Exercise: Return the data that follows exactly as it appears. Pictures do not belong in the copy.

Recorded information:
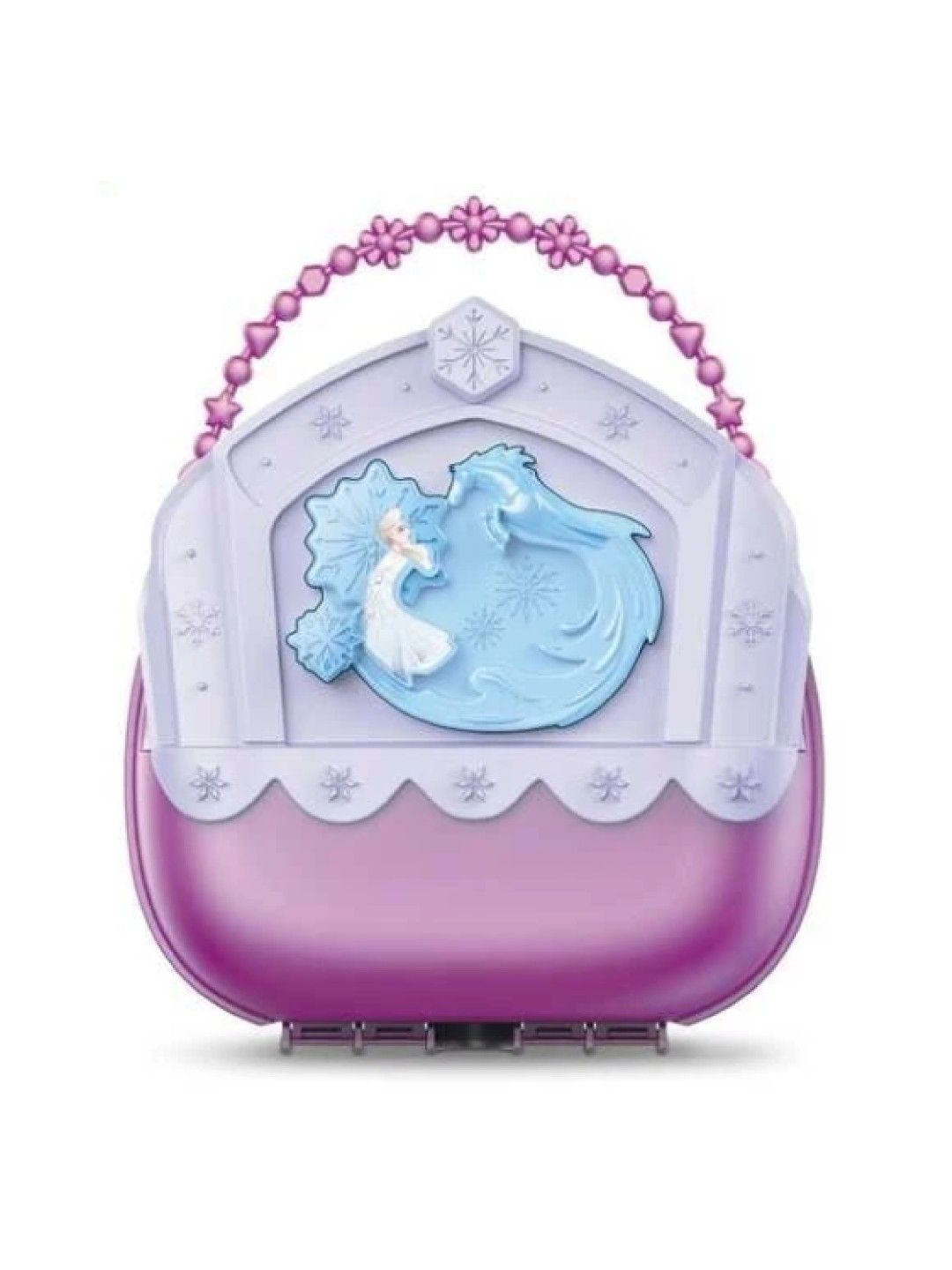 Disney Frozen Beauty Makeup Handbag (No Color- Image 1)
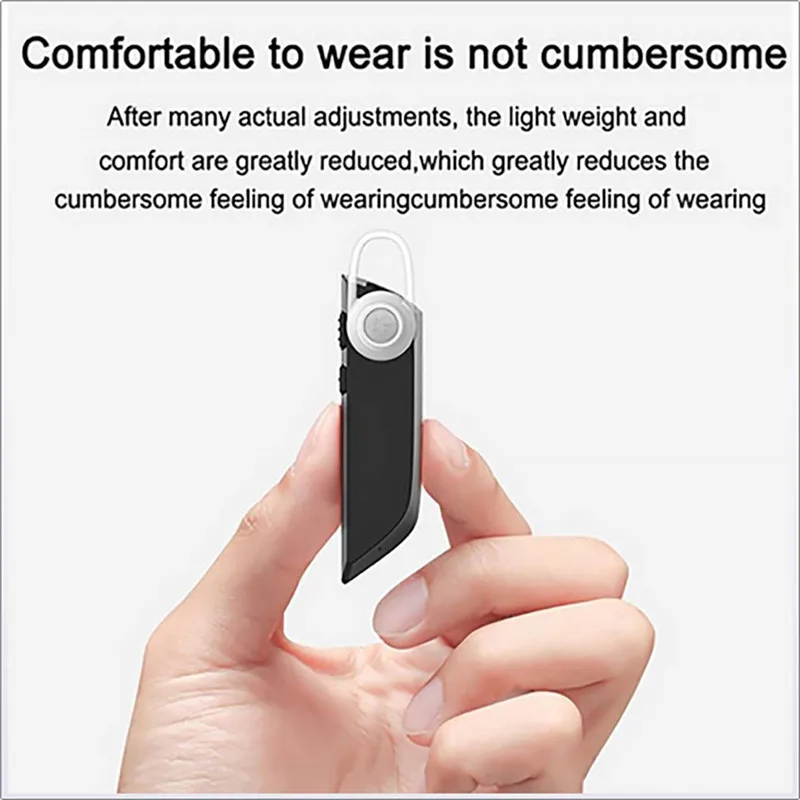 T1 Bluetooth Headphone Smart Wireless 26 languages Instant Translator Headphones Business Mini Headset for Iphone Huawei etc
T1 Bluetooth Headphone Smart Wireless 26 languages Instant Translator Headphones Business Mini Headset for Iphone Huawei etc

Written reply:
 Disney Frozen Beauty Makeup Handbag (No Color- Image 1)
 T1 Bluetooth Headphone Smart Wireless 26 languages Instant Translator Headphones Business Mini Headset for Iphone Huawei etc
T1 Bluetooth Headphone Smart Wireless 26 languages Instant Translator Headphones Business Mini Headset for Iphone Huawei etc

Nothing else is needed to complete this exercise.